We are evaluating Jetson AGX units for use in a moderately high radiation environment. We would like to monitor the ECC memory correction stats to determine when radiation-induced bit flips take place. However, we don’t know if/how this is possible on the Jetson. With desktop PCs, libnvidia-ml.so offers this capability, but that library is not supported on Jetson. I found this post, which may or may not point in a helpful direction:
Bottom line: my question is, how can we monitor the Jetson Industrial AGX’s ECC RAM correction statistics? Thanks very much!
on TX2i, DRAM ECC interrupt handling is done by SCE which is a R5 with closed source. So, you will not be able to see the error stats.

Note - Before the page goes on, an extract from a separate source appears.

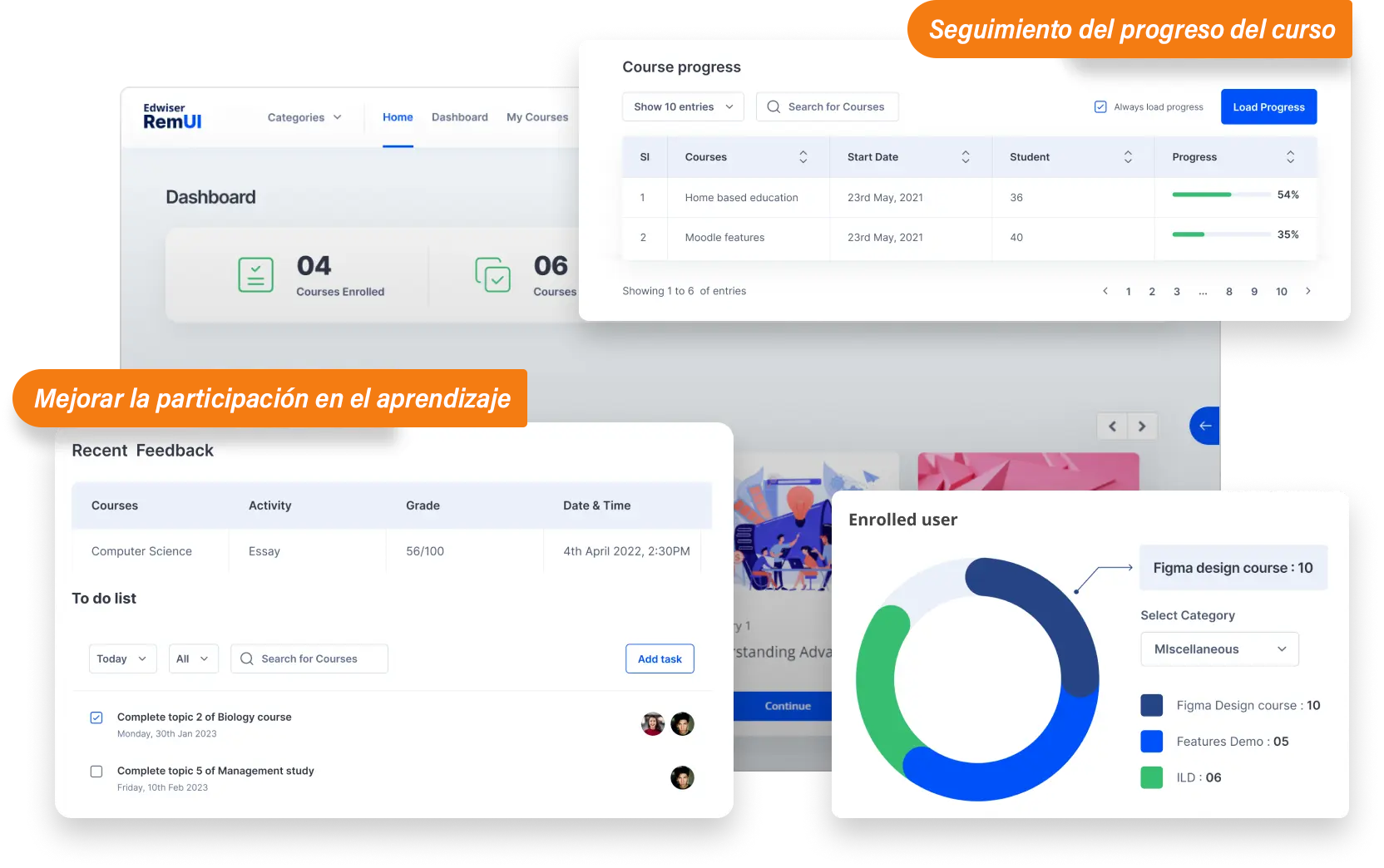 ES Feature Section 3 1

If you chose to use linux kernel for dram ecc error interrupt, then you can see it in console. But there will be no mitigation in linux driver for double bit error, single bit error is take care by the HW itself. More explanation on how to enable linux kernel driver is here RAM ECC TX2i
Thanks Bibek. As I stated above, we have Jetson AGX industrial units. Not TX2i’s. Does the information you provided also apply to the AGX and./or AGX industrial family?
In case of double bit errors detected in the HW, the system reboots and the bad page is blacklisted by the dram-ecc binary. You can check for the boot log prints from the same during reboot for the blacklisted pages.